Working on independent functions to implement features will prevent you from relaunching the whole application every time you need to add something new.
- **Split your app into `{shiny}` modules**, so that your app can be though of as a tree, making it possible for every developer to concentrate on one node, and only one, instead of having to think about the global infrastructure when implementing features.
Figure \@ref(fig:02-planning-ahead-1) is, for example, a representation of a `{shiny}` application with modules and sub-modules.
You will not be able to decipher the text inside the node, but the idea is to give you a sense of how a `{shiny}` application with modules can be organized and split into smaller pieces that are all related to each other in a tree form.
(ref:apptreecap) Representation of a `{shiny}` application with its modules and sub-modules.
```{r 02-planning-ahead-1, echo=FALSE, fig.cap="(ref:apptreecap)", out.width='100%'}
knitr::include_graphics("img/app_tree.png")
```
We will get back to `{shiny}` modules and how to organize your project in the next chapter.
### From the team point of view
We recommend that you define two kinds of developers: a unique person (or maybe two) to be in charge of supervising the whole project and developers that will work on specific features.

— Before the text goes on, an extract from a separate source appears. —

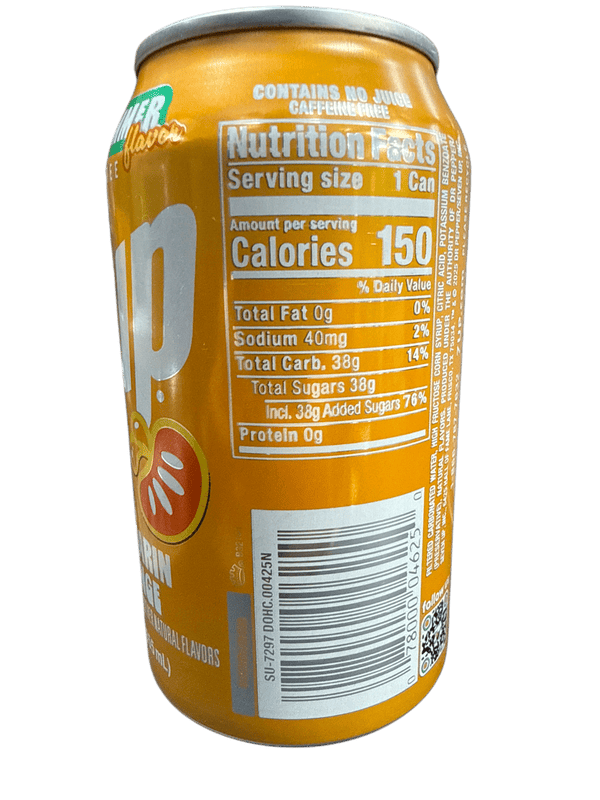 7UP Limited Edition Mandarin Orange Can 355ML - U.S Edition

Note that this is how a project should be organized in a perfect world: in practice, a lot of `{shiny}` projects are managed by one developer who is in charge of managing the project, interacting with the client, and building the whole codebase.
#### A. A person in charge {.unnumbered}
The person in charge of the development will have **a complete view of the entire project and manage the team so that all developers implement features that fit together**.

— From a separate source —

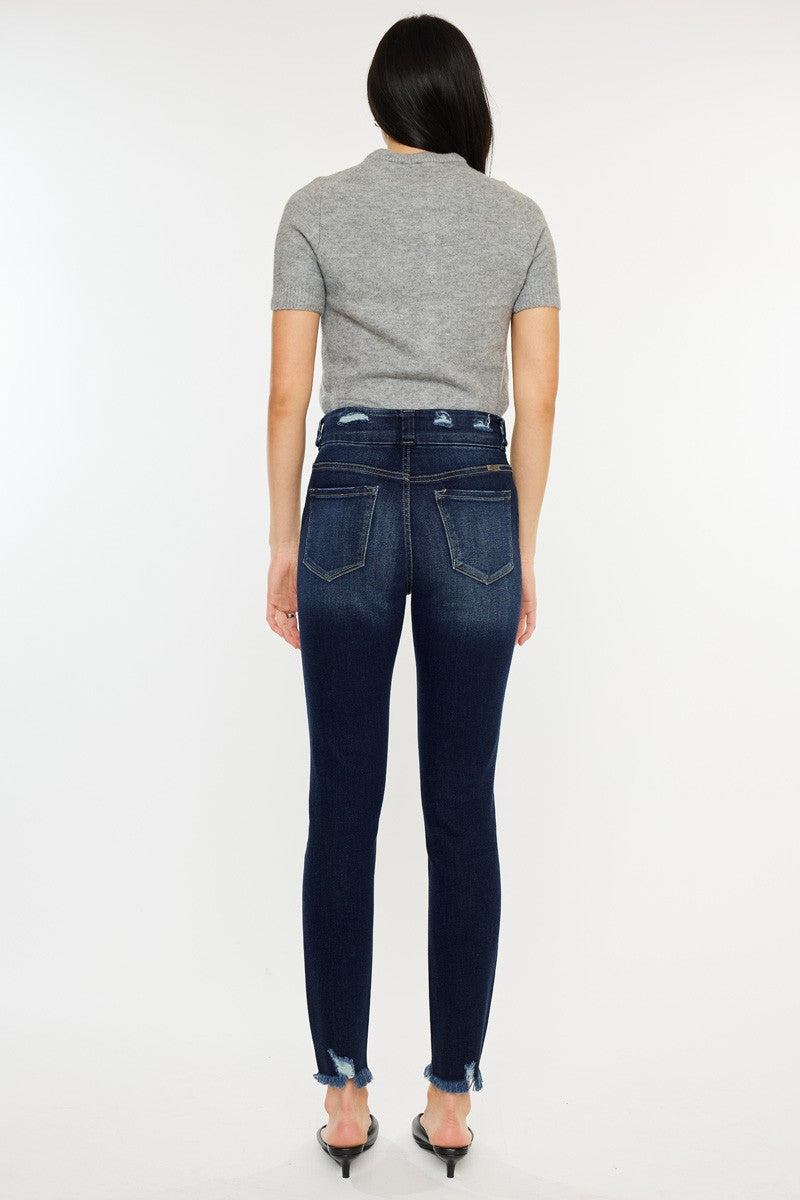 Plus Size Raw Hem High Waist Jeans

With complex applications, it can be hard to have the complete understanding of what the entire app is doing.
Most of the time, it is not necessary for all developers to have this complete picture.

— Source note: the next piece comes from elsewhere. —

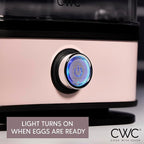 COOK WITH COLOR 6-Egg Capacity Egg Cooker – For Soft, Medium, Or Hard-Boiled Eggs, Rapid Cook Time, Auto Shut-Off & Boil-Dry Protection – Includes Tray, Measuring Cup & Lid – 210W Egg Maker, Pink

By defining one person in charge, this "manager" will have to get the whole picture: what each part of the software is doing, how to make everything work together, avoid development conflicts, and of course check that, at the end of the day, the results returned by the built application are the correct ones.
The project manager will be the one that kicks off the project, and writes the first draft of the application.
If you follow this book's workflow, this person will first create a `{golem}` project, fill in the information, and define the application structure by providing the main modules, and potentially work on the prototyped UI of the app.
Once the skeleton of the app is created, this person in charge will list all the things that have to be done.
We strongly suggest that you use `Git` with a graphical interface (GitLab, GitHub, Bitbucket, etc.) as the graphical interface to help you manage the project.
These tasks are defined as issues, and will be closed during development.
These interfaces can also be used to set continuous integration.
If the team follows a `git flow` (described in Chapter \@ref(version-control)), the manager will also be in charge of reviewing and accepting the pull/merge requests to the main `dev` branch if they solve the associated issues.
Do not worry if this sounds like a foreign language to you, we will get back to this method later in this book (Chapter \@ref(version-control)).
#### B. Developers {.unnumbered}
**Developers will focus on small features**.
If the person in charge has correctly separated the work between developers of the team, they will be focusing on one or more parts of the application, but do not need to know every single bit of what the application is doing.
In a perfect world, the application is split in various `{shiny}` modules, one module equals one file, and each member of the team will be assigned to the development of one or more modules.
It is simpler to work in this context where one developer is assigned to one module, although we know that in reality it may be a little more complex, and several members of the team might go back and forth working on a common module.
But the person in charge will be there to help make all the pieces fit together.